§ Exercise directions: The line that contains "Residence Baia dei" marks the start. Output it and all remaining lines exactly, through the final line of the listing.

§ Data under study:
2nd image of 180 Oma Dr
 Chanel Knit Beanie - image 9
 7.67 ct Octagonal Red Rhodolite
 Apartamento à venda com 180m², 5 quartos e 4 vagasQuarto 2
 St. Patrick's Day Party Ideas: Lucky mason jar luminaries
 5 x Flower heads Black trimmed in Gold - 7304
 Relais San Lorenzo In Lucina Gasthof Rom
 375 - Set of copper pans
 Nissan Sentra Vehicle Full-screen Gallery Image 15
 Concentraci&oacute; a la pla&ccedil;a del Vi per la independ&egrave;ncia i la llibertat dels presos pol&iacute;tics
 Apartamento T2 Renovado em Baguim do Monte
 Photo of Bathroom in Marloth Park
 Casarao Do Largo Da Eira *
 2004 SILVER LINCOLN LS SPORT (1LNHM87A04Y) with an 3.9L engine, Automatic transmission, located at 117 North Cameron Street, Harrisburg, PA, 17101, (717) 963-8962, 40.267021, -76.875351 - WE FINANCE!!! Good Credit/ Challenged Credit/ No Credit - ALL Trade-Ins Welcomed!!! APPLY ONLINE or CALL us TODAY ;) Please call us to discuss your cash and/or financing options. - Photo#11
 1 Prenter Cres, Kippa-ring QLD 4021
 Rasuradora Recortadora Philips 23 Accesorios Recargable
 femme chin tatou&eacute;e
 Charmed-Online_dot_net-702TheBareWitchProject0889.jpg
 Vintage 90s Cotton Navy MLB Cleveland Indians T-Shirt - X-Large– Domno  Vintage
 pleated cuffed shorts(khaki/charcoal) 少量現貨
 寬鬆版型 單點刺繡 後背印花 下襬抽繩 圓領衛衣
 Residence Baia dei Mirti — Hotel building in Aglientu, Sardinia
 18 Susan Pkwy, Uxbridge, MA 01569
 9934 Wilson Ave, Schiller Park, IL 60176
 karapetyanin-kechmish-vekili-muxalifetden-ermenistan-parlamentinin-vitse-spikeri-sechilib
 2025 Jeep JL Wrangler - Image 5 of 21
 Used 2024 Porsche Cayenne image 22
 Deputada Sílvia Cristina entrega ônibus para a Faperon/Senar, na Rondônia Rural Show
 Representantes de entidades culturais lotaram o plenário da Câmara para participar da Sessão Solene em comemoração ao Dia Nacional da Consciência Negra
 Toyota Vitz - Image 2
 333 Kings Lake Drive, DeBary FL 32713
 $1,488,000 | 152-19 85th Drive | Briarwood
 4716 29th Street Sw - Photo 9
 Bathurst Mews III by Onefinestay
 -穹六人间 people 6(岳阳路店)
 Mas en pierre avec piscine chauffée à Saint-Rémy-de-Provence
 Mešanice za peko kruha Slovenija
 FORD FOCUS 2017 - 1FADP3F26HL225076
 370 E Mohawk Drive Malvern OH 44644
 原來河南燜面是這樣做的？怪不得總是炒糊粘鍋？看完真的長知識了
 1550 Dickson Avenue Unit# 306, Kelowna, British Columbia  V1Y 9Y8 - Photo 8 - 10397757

§ Answer box:
 Residence Baia dei Mirti — Hotel building in Aglientu, Sardinia
 18 Susan Pkwy, Uxbridge, MA 01569
 9934 Wilson Ave, Schiller Park, IL 60176
 karapetyanin-kechmish-vekili-muxalifetden-ermenistan-parlamentinin-vitse-spikeri-sechilib
 2025 Jeep JL Wrangler - Image 5 of 21
 Used 2024 Porsche Cayenne image 22
 Deputada Sílvia Cristina entrega ônibus para a Faperon/Senar, na Rondônia Rural Show
 Representantes de entidades culturais lotaram o plenário da Câmara para participar da Sessão Solene em comemoração ao Dia Nacional da Consciência Negra
 Toyota Vitz - Image 2
 333 Kings Lake Drive, DeBary FL 32713
 $1,488,000 | 152-19 85th Drive | Briarwood
 4716 29th Street Sw - Photo 9
 Bathurst Mews III by Onefinestay
 -穹六人间 people 6(岳阳路店)
 Mas en pierre avec piscine chauffée à Saint-Rémy-de-Provence
 Mešanice za peko kruha Slovenija
 FORD FOCUS 2017 - 1FADP3F26HL225076
 370 E Mohawk Drive Malvern OH 44644
 原來河南燜面是這樣做的？怪不得總是炒糊粘鍋？看完真的長知識了
 1550 Dickson Avenue Unit# 306, Kelowna, British Columbia  V1Y 9Y8 - Photo 8 - 10397757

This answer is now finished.